# DESCRIPTION OF THE TASK
Within the entries below, output exactly the lines between the line containing "The hotel’s exterior, with" and the line containing "vintage 1950's narrow", inclusive, and omit any picture.

# INFORMATION
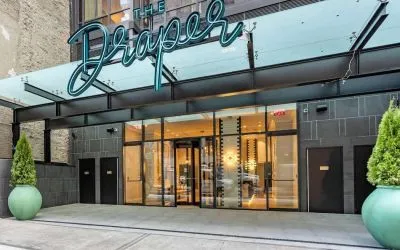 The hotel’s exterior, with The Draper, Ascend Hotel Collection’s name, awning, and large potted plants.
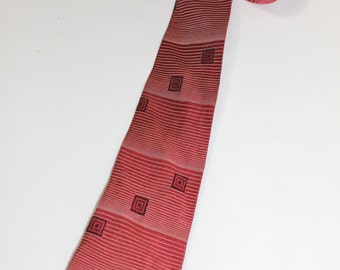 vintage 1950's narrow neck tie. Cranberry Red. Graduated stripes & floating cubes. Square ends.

...

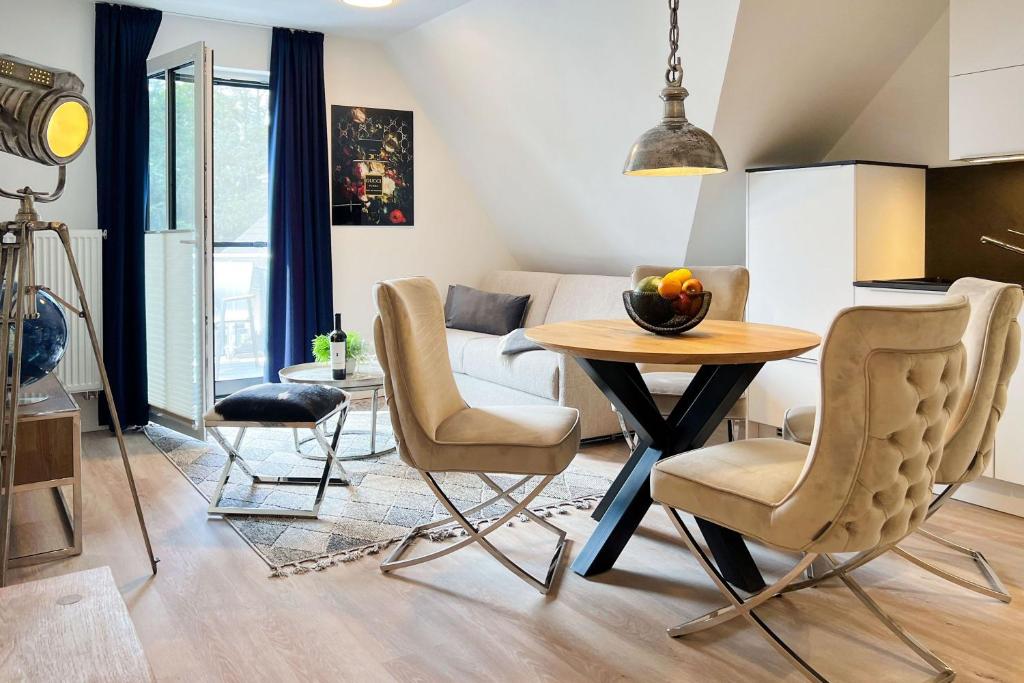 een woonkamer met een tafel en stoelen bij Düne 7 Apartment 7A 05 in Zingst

==

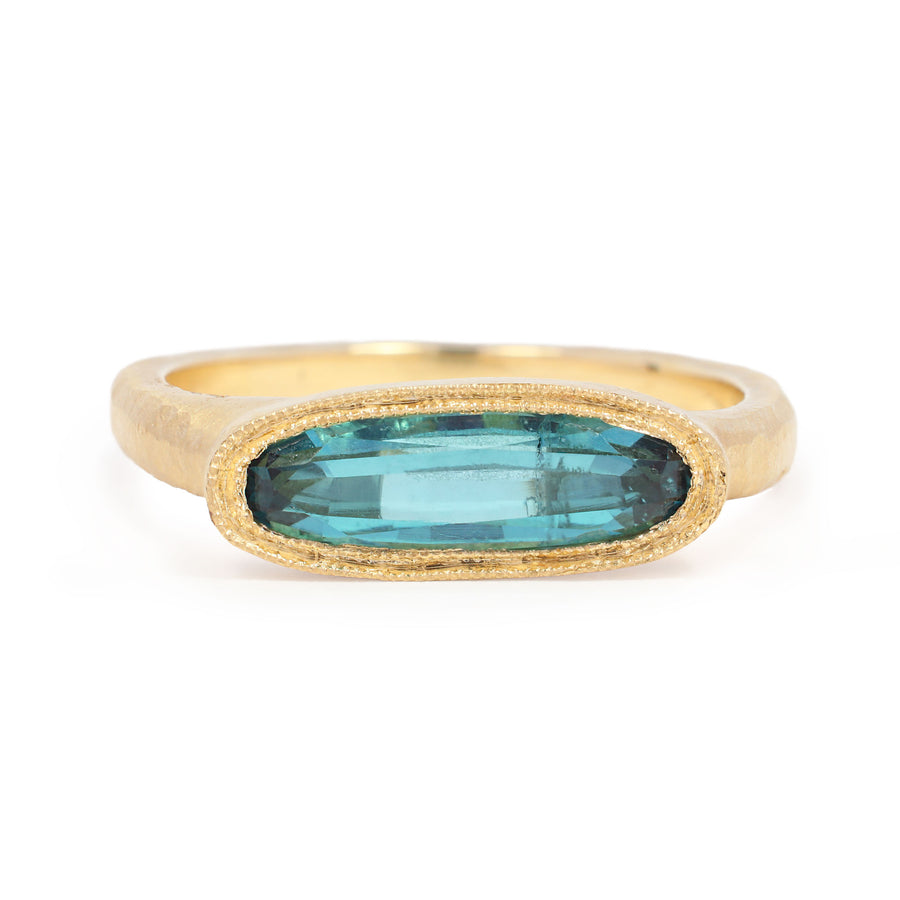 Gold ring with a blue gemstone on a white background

# EXERCISE RESPONSE
 The hotel’s exterior, with The Draper, Ascend Hotel Collection’s name, awning, and large potted plants.
 vintage 1950's narrow neck tie. Cranberry Red. Graduated stripes & floating cubes. Square ends.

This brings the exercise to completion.